Exercise details: The entries shown next need to be written again word for word.

Short descriptive text snippets:

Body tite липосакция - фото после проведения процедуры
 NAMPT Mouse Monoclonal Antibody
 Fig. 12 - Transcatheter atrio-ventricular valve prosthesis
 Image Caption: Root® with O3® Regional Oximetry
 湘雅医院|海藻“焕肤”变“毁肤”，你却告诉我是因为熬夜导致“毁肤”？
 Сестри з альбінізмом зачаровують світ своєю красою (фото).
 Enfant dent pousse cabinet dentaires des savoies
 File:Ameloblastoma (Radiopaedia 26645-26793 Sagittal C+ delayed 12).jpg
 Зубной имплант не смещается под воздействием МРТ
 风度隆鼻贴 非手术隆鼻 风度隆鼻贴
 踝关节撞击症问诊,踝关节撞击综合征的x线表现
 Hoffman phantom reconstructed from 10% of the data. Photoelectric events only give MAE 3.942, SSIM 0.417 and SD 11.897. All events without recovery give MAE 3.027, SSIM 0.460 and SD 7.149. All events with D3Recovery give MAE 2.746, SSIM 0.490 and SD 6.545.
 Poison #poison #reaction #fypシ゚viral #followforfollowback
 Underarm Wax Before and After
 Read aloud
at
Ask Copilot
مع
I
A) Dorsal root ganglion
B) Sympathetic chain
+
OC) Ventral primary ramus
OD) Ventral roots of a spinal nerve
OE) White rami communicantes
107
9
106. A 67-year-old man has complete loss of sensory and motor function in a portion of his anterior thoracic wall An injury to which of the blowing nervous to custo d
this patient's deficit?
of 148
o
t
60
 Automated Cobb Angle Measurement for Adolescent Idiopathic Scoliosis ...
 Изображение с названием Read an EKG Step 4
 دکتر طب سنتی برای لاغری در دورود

Written response:
Body tite липосакция - фото после проведения процедуры
 NAMPT Mouse Monoclonal Antibody
 Fig. 12 - Transcatheter atrio-ventricular valve prosthesis
 Image Caption: Root® with O3® Regional Oximetry
 湘雅医院|海藻“焕肤”变“毁肤”，你却告诉我是因为熬夜导致“毁肤”？
 Сестри з альбінізмом зачаровують світ своєю красою (фото).
 Enfant dent pousse cabinet dentaires des savoies
 File:Ameloblastoma (Radiopaedia 26645-26793 Sagittal C+ delayed 12).jpg
 Зубной имплант не смещается под воздействием МРТ
 风度隆鼻贴 非手术隆鼻 风度隆鼻贴
 踝关节撞击症问诊,踝关节撞击综合征的x线表现
 Hoffman phantom reconstructed from 10% of the data. Photoelectric events only give MAE 3.942, SSIM 0.417 and SD 11.897. All events without recovery give MAE 3.027, SSIM 0.460 and SD 7.149. All events with D3Recovery give MAE 2.746, SSIM 0.490 and SD 6.545.
 Poison #poison #reaction #fypシ゚viral #followforfollowback
 Underarm Wax Before and After
 Read aloud
at
Ask Copilot
مع
I
A) Dorsal root ganglion
B) Sympathetic chain
+
OC) Ventral primary ramus
OD) Ventral roots of a spinal nerve
OE) White rami communicantes
107
9
106. A 67-year-old man has complete loss of sensory and motor function in a portion of his anterior thoracic wall An injury to which of the blowing nervous to custo d
this patient's deficit?
of 148
o
t
60
 Automated Cobb Angle Measurement for Adolescent Idiopathic Scoliosis ...
 Изображение с названием Read an EKG Step 4
 دکتر طب سنتی برای لاغری در دورود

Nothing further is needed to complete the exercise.